Here's where the things are getting nasty, and I think I need to clarify that I'm a developer too, and I'm in love with NoSQL strategy, that's why I created djondb because I'm convinced that "One size does not fit all" applies to the RDBMS world, 4 years ago the only way to store information in an organized way was RDBMS and several people think that they should apply RDBMS to every single problem, and that's not true. But this same principle applies to the NoSQL world, take a look of Maslow's hammer law.

NoSQL is a really good solution to several data environments, but you need to ask yourself if you're aware that most of your code should change if you decide to move from one solution to other, it is like saying that you're going to recreate your application in Java because it has better performance according to <put your link here>, you need to know that this kind of changes will require a lot of work to achieve the same features you already have, so you need to evaluate if this is going to work as a benefit or you will have a lot of work to achieve the same thing.

To illustrate the SQL - NoSQL transition I will use a sample, the architecture of the sample could be very different according to the approach you decided on your application (EJBs, Spring, LINQ, etc) and that will change the way you coded your solution, but I will go with a very straightforward and well know solution.

Data Model comparison

Most of you are already aware of the differences between one model and the other, but here's a very simple sample to illustrate this.

In a ERP data model you will have the following tables:

Taken from http://www.databaseanswers.org

This is a very simple model, a customer order a product and you register the identification of the customer and product into the table "Orders", each order is related with one or multiple transactions, etc.

From this simple model it's very easy to assume some of the SQL statements you should use to store or retrieve elements from your DB, let's summarize some simple operations:

Create products:

Insert into Products (product_code, product_category_cod, description, vendor_code) VALUES ('00010101', 'E_01', 'iPad', 'Tablet blah blah', 'VEN_0010')

List of products by category:

Select product_code, description from Products where product_category_cod = 'E_01'

Show the transactions ordered by a user:
To retrieve this you will need to execute some SQLs or you will get a bunch or repeated information, first you will need to get the order "header":

Select o.order_id, c.Customer_name, c.Customer_last_name, c.Customer_username, o.order_date, ... from Orders o inner join Customer c on c.customer_id = o.customer_id where c.username = 'JACKTHEREAPER'

Now you will retrieve the details of the order using:

Select p.description, o.price, o.units, ... from Orders o inner join Products p on p.product_code = o.product_code where o.order_id = 'XR1210120'

At this point I think you got the idea, no matter if you use some ORM, persistence framework, etc at the end your application will execute these SQLs to retrieve or store information into the database.

Let's see the same data model from NoSQL perspective, one of the key decision process about using NoSQL is to denormalize your data in a way that store it and retrieve it will be align with how the application uses it, instead of forcing a row/columns structure.

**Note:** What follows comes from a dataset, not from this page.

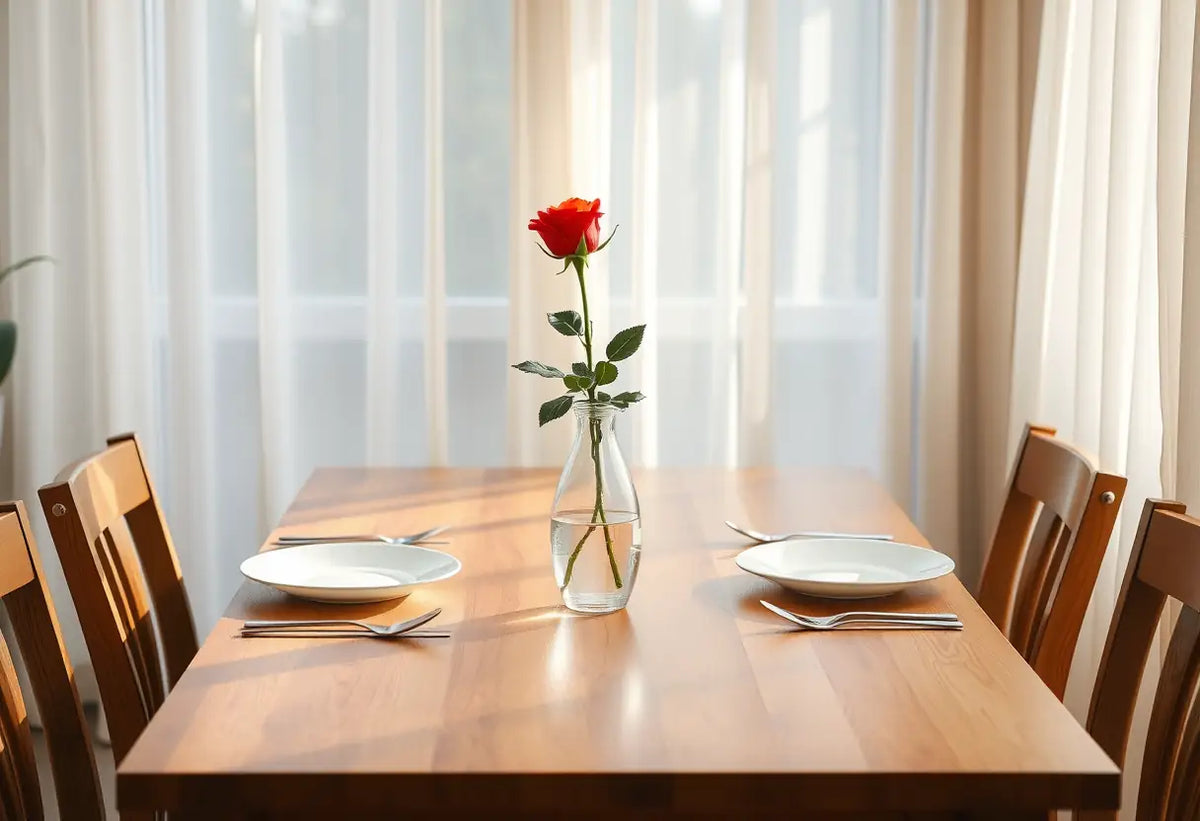 Un couvert romantique pour deux personnes avec une rose rouge, éclairé naturellement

Questions to be solved by your NoSQL model

What will be benefit of storing the order detail as a separate entity? is the order detail an entity? or just an aggregation values that compounds an order? An order does not have any meaning without the details and they are useless if are not tight to an order. This will mean that the order should have a structure similar to this:

{
   { Order header info }
   { Order details }
}

Now lets figure out what are we going to store at the header info, 90% of the queries you will do to retrieve the order header will include the name of the customer, and his id, it's going to be pointless to show the order in the web application without this vital information, it's going to be easier to ignore information than adding new required information, so I will store the denormalized data from the customer inside the order, like this:

{
   { 
      order_id: "XR1210120",
      customer_id: "CI_29120",
      customer_name: "Jack",
      customer_lastname: "Reaper",
      date: "2012/07/26"
   }
   { Order details }
}

Note: "Hey!, what are you doing? what is going to happen if the customer changes his name?", how many times you face this kind of problem? anyway, if the customer changed his name and he comes back in 10 years, the invoice should be printed as it was at the time of the sale, because that's the way it's stored at the IRS, or any other state department, right?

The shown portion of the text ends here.